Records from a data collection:
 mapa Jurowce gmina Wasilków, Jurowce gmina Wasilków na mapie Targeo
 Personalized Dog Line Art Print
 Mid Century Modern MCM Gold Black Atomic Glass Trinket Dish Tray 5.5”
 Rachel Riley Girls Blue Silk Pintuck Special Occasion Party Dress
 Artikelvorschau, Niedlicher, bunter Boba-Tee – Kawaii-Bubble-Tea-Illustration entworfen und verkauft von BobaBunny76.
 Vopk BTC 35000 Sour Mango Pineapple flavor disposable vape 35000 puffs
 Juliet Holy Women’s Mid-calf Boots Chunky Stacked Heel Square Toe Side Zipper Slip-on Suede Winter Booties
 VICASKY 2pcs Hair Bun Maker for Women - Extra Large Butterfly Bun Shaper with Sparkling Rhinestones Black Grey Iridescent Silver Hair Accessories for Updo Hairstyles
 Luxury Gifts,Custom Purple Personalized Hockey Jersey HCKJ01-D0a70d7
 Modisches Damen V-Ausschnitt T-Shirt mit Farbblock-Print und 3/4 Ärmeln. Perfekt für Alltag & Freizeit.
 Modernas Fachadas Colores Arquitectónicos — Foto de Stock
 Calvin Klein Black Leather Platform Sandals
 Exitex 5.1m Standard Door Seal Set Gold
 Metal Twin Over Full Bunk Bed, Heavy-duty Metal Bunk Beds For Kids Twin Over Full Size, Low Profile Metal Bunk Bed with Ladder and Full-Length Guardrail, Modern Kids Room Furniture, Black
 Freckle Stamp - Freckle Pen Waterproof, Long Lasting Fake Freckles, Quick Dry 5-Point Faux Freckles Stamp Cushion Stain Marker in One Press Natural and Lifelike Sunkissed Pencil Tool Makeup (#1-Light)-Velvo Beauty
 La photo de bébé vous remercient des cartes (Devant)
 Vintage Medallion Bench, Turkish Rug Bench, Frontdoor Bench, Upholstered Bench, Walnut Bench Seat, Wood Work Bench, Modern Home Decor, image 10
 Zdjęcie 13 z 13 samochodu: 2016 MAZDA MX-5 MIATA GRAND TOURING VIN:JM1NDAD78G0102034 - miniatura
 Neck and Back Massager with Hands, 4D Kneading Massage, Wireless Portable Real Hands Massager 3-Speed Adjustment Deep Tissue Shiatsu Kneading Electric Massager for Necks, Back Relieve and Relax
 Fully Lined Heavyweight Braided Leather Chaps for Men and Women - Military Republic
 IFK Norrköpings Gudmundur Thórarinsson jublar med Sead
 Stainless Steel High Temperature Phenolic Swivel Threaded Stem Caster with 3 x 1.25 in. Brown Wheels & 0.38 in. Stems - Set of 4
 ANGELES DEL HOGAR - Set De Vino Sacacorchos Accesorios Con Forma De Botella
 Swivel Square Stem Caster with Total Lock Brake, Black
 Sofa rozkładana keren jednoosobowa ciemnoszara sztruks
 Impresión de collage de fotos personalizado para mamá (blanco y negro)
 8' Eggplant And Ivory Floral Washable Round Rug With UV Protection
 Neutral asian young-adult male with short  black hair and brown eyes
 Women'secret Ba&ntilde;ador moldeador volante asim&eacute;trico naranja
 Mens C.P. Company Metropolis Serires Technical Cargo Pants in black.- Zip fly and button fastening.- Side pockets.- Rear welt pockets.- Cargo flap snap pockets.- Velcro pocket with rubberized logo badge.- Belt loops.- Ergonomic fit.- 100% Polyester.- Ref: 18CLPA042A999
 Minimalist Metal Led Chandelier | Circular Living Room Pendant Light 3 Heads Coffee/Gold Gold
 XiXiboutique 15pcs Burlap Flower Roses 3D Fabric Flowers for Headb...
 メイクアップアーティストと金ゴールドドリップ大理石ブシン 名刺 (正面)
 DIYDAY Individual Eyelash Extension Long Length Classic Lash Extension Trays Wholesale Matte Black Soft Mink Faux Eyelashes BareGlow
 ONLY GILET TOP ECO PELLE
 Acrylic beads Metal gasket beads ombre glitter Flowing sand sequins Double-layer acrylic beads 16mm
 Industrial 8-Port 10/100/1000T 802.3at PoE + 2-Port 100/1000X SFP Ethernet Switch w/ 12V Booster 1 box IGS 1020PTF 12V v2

[ASSIGNMENT]
From the first line of the records above down to the line containing "Vopk BTC 35000", repeat each line exactly as written. Include both of those lines and add nothing.

[FINAL ANSWER]
 mapa Jurowce gmina Wasilków, Jurowce gmina Wasilków na mapie Targeo
 Personalized Dog Line Art Print
 Mid Century Modern MCM Gold Black Atomic Glass Trinket Dish Tray 5.5”
 Rachel Riley Girls Blue Silk Pintuck Special Occasion Party Dress
 Artikelvorschau, Niedlicher, bunter Boba-Tee – Kawaii-Bubble-Tea-Illustration entworfen und verkauft von BobaBunny76.
 Vopk BTC 35000 Sour Mango Pineapple flavor disposable vape 35000 puffs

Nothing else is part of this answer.